Without the pictures, output all of the data exactly.

▸ **SUPPLIED MATERIAL**
↓
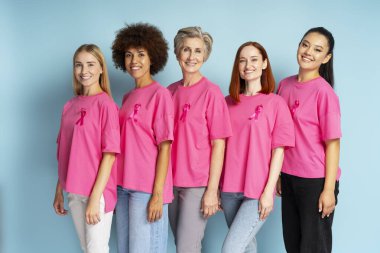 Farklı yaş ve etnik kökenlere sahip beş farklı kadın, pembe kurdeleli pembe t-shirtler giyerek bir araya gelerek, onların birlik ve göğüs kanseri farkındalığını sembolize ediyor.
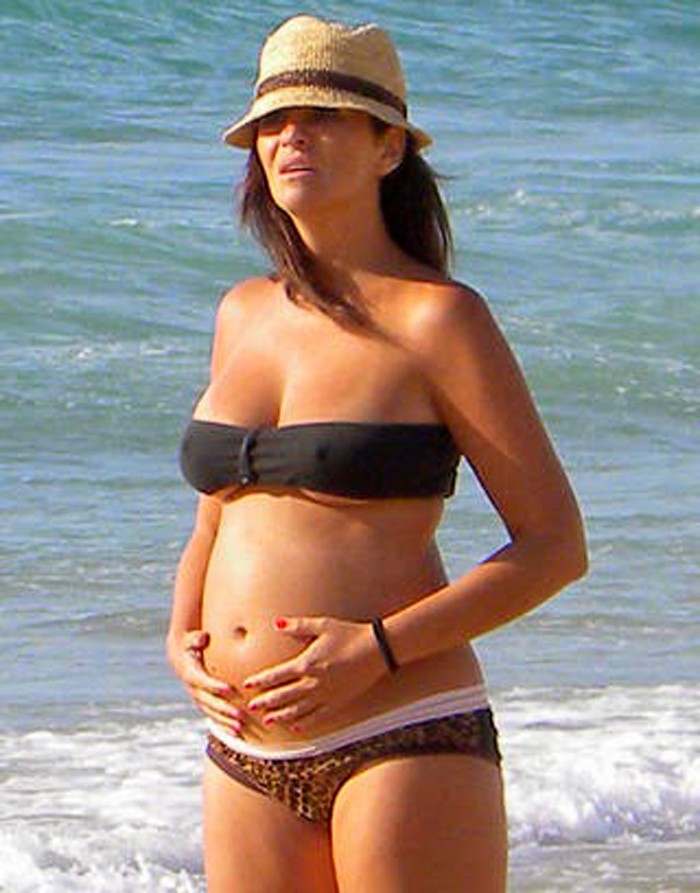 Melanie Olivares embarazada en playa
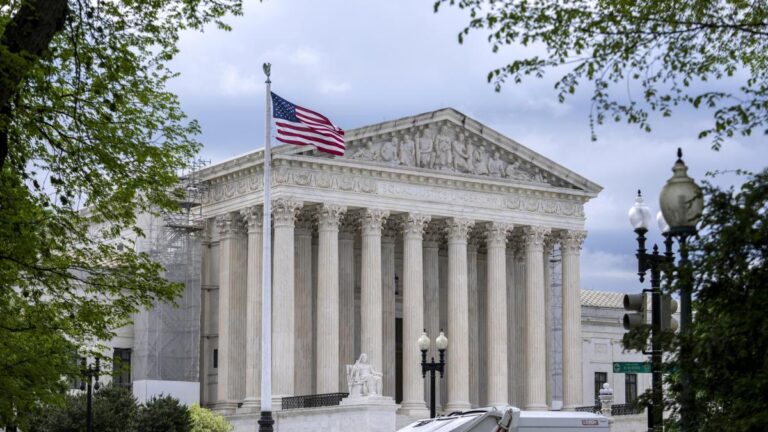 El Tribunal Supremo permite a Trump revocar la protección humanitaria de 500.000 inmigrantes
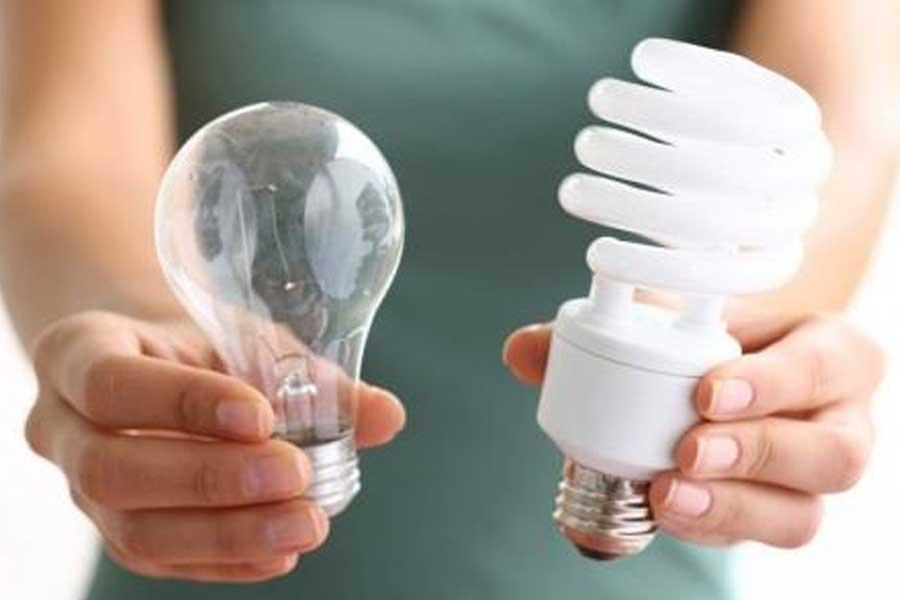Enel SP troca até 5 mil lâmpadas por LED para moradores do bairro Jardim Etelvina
↑
▸ **TASK RESULT**
 Farklı yaş ve etnik kökenlere sahip beş farklı kadın, pembe kurdeleli pembe t-shirtler giyerek bir araya gelerek, onların birlik ve göğüs kanseri farkındalığını sembolize ediyor.
 Melanie Olivares embarazada en playa
 El Tribunal Supremo permite a Trump revocar la protección humanitaria de 500.000 inmigrantes
Enel SP troca até 5 mil lâmpadas por LED para moradores do bairro Jardim Etelvina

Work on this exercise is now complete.